You can’t get to Nordenskiöld #16, but you can get to a spot across the
canyon from it and from there you have a beautiful view. When you look at the photos, notice how far
up to the top of the cliff it is—and the people who lived here (about 50 in
this site) went up there every day in the growing season, at least, to farm,
and climbed back down again at the end of the day, using the same kind of hand-
and foot-holds that were used at Long House.
It started raining—lightly—just as we got back to the
parking lot from this last walk. This
was pretty much all we had planned for the day anyway; unfortunately, a big
chunk of the park that we had planned on seeing is closed right now, so we have
some extra time. It is supposed to rain
all day tomorrow, as well, so we will have to wait and see how much we are
going to be able to see.
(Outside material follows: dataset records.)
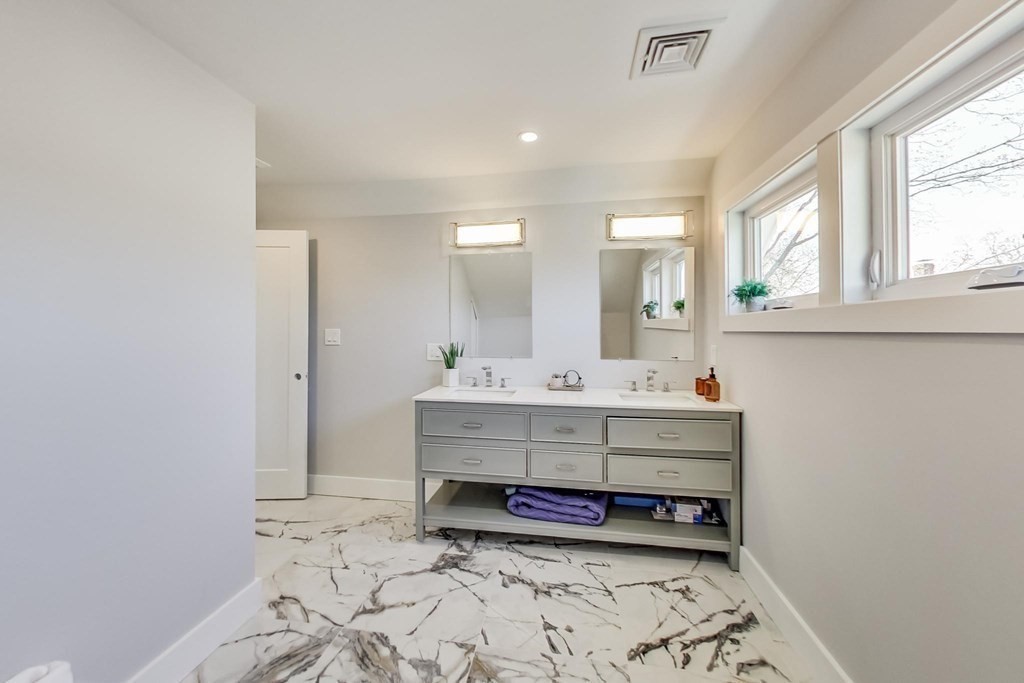 39 Appleton Street, Unit 39 Arlington, MA 02476 - Photo 18 of 31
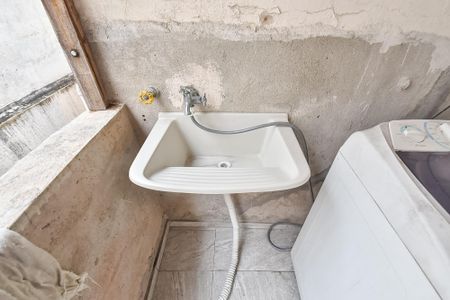 Casa à venda com 150m², 2 quartos e 1 vaga Casa à venda com 150m², 2 quartos e 1 vagaÁrea de serviço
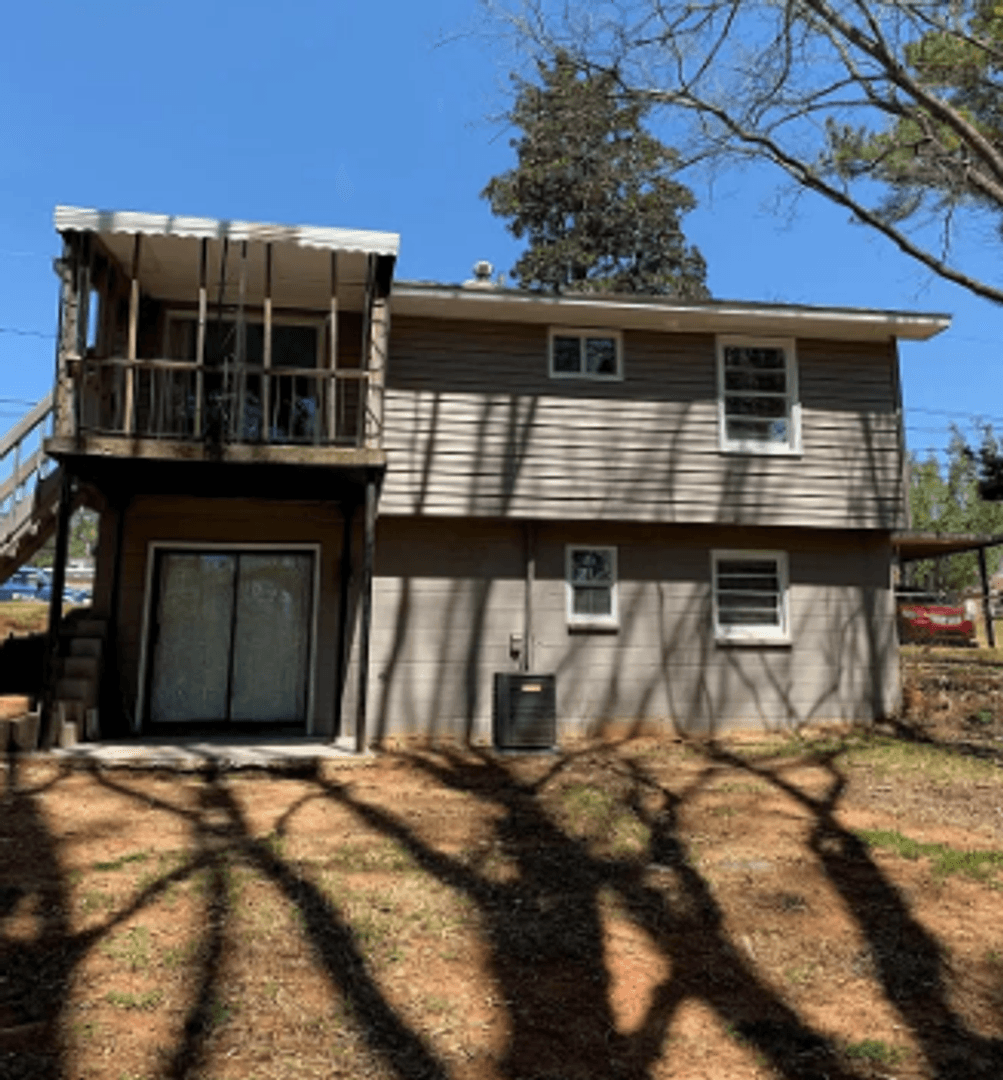 Griffin House: 306 Atkinson Drive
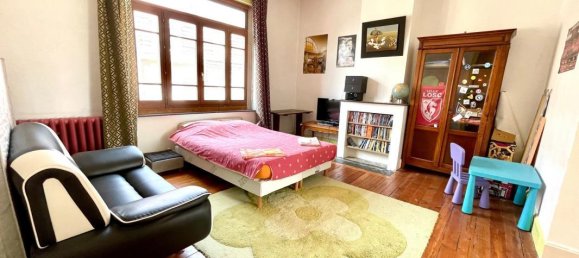 8 bedrooms House in Marcq-en-Baroeul, France No. 156935 11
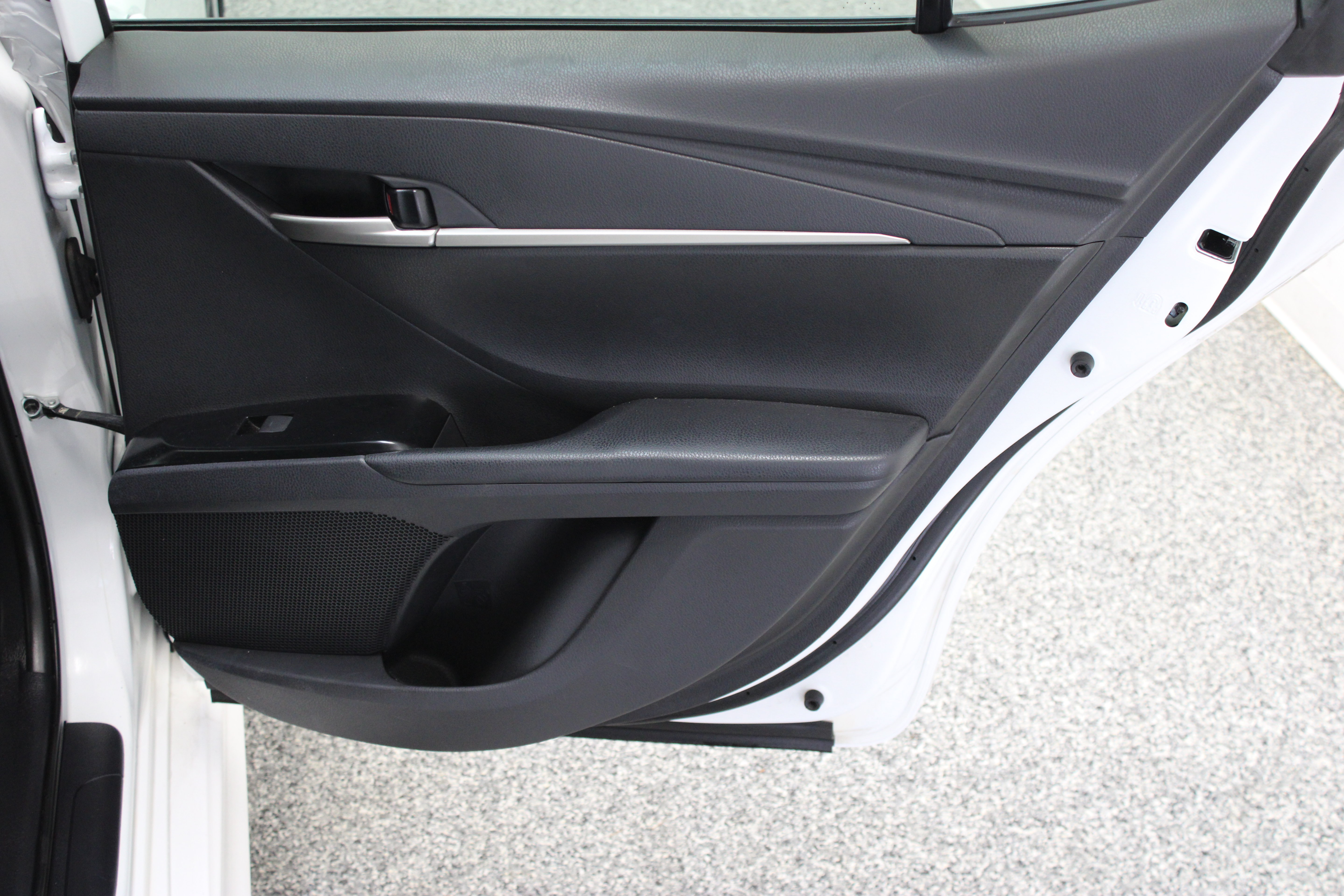 Used 2025 Toyota Camry SE FWD image 32
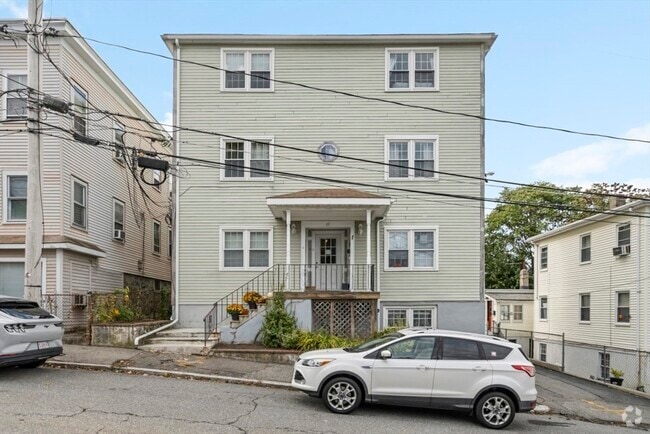 Building Photo - 11 Columbia Rd Unit 2 Rental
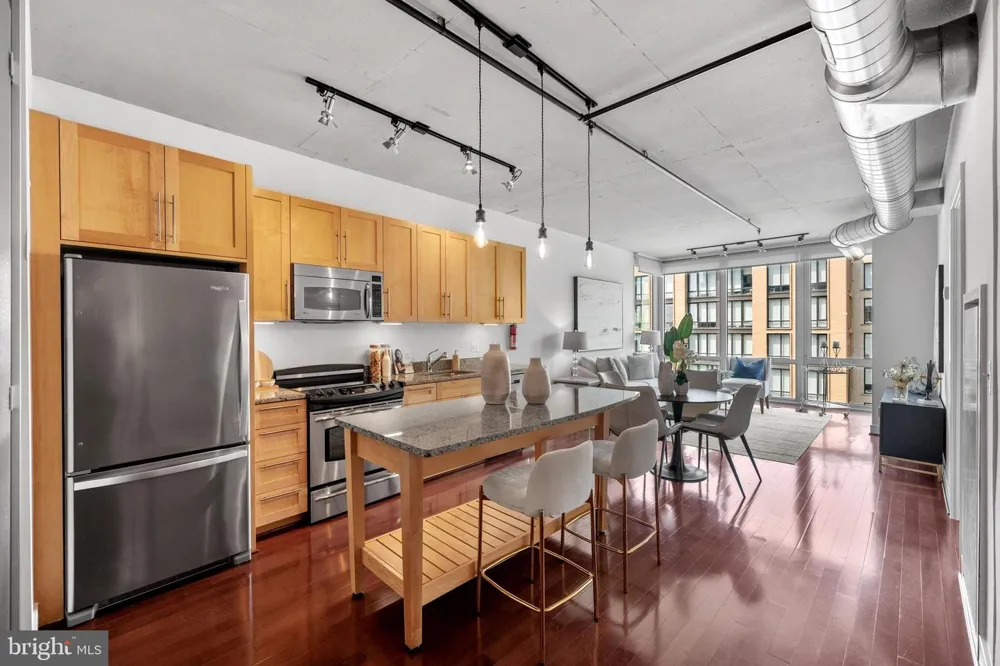 2125 14TH STREET NW #604 Washington, DC 20009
We can at least
do the drive around the other loop which is open (on the east side of the
park), but whether we can get out and take any walks remains to be seen.
Back in the lodge, while awaiting our 8:15 dinner
reservation, I got caught up on all these blogs and we tried one more time to
get the phone, which was not fixed while we were gone, fixed and the shower gel,
which was not filled while we were gone, filled.
This time, when I got to the head of the
line, the person I was talking to was Damien N., the maintenance manager. He apologized, and he said that this is the
first time he’s heard about the phone. I
told him I had no trouble believing that at all. While he was talking to me, he was pulling
out a replacement phone and hooking up the handset. He said he would take care of it and the
shower gel (clearly not his job) right away.
Two other people who were there behind the desk and looked like managerial
sorts asked who I had talked to previously.
Sounds like the two who failed to report might be in for a little
talking to.
We went downstairs to the one room in the place which gets
actual Internet service and checked email, and by the time we got back to the
room, we had a working phone. If you
just get to the right person, the job gets done. The problem is getting to the right person!
Dinner at 8:15; report to come. Perhaps this will run more smoothly than last
night…!
After dinner report:
All went smoothly! We went down
15 minutes early, just in case they could seat us, and they did. The dinner was excellent, and the waiter
didn’t make any mistakes. I saw Damien
N. again to tell him thank you one more time for fixing our phone and filling
the shower gel. And when we got back,
there was a huge Mule deer right under our balcony. Nice finish to the day.